• EXERCISE DATA:
━━━━

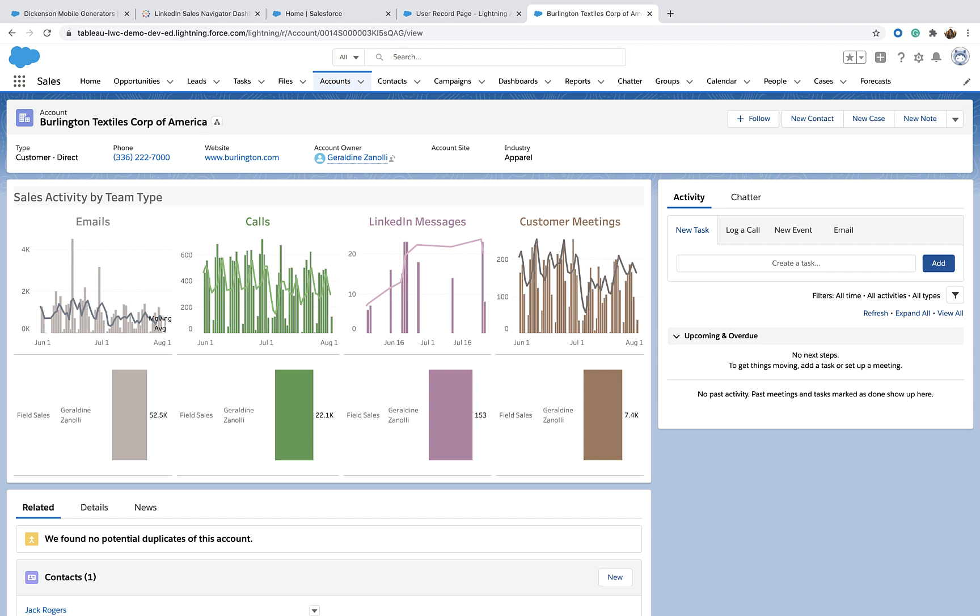In this demo, we looked at all the features of the Tableau Viz Lightning Web Component. First, we saw how we can personalize the look and feel of the Viz. Then, we used in-context filters to filter the dashboard based on the specific Salesforce record being viewed. Finally, I showed you how you can define your own filters based on the information that you have on the Viz and on the Salesforce page.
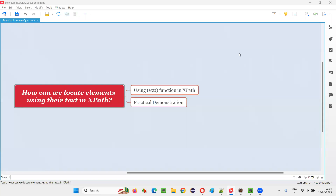Hello all, welcome to this session. In this session, I am going to answer one of the Selenium interview questions — that is, how can we locate elements using their text in XPath?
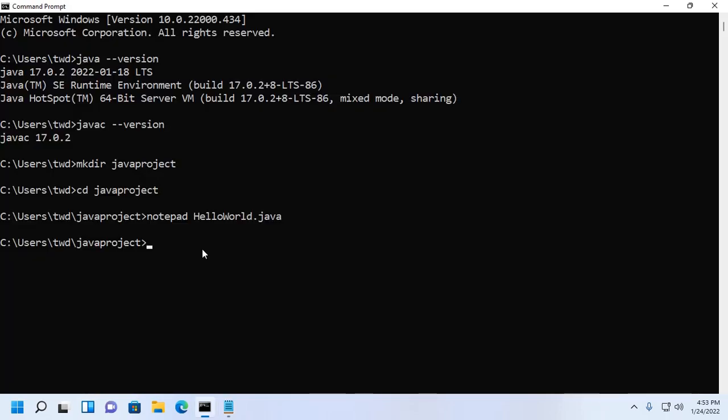Now from the command prompt, compile this program with this command: javac. This command will generate an object file with the name HelloWorld.class.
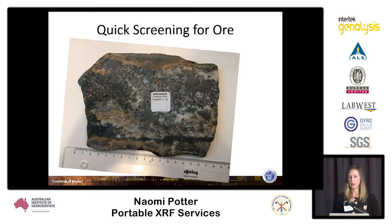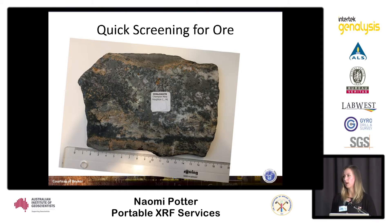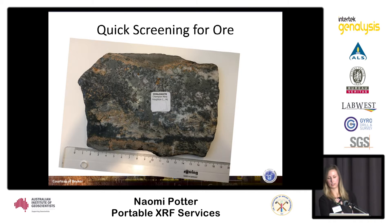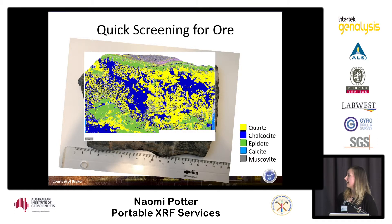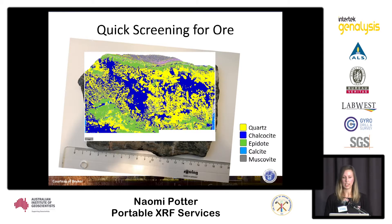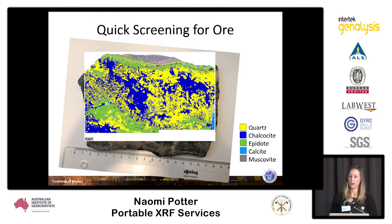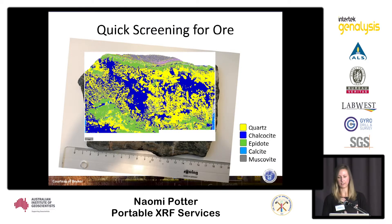The last example was done for quick screening of ore. This is from Champion Mine in the USA, and they were looking at chalcocite. As you can see, you can easily identify it, see its textural association with other mineral phases, and they were able to identify additional minerals such as calcite and muscovite.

━━━━

• TASK REQUIREMENTS: An acceptable answer consists of the lines above from the one holding "Hello all, welcome" to the end of the data, repeated exactly and containing no pictures.

• REPLY TO THE TASK:
Hello all, welcome to this session. In this session, I am going to answer one of the Selenium interview questions — that is, how can we locate elements using their text in XPath?
Now from the command prompt, compile this program with this command: javac. This command will generate an object file with the name HelloWorld.class.
The last example was done for quick screening of ore. This is from Champion Mine in the USA, and they were looking at chalcocite. As you can see, you can easily identify it, see its textural association with other mineral phases, and they were able to identify additional minerals such as calcite and muscovite.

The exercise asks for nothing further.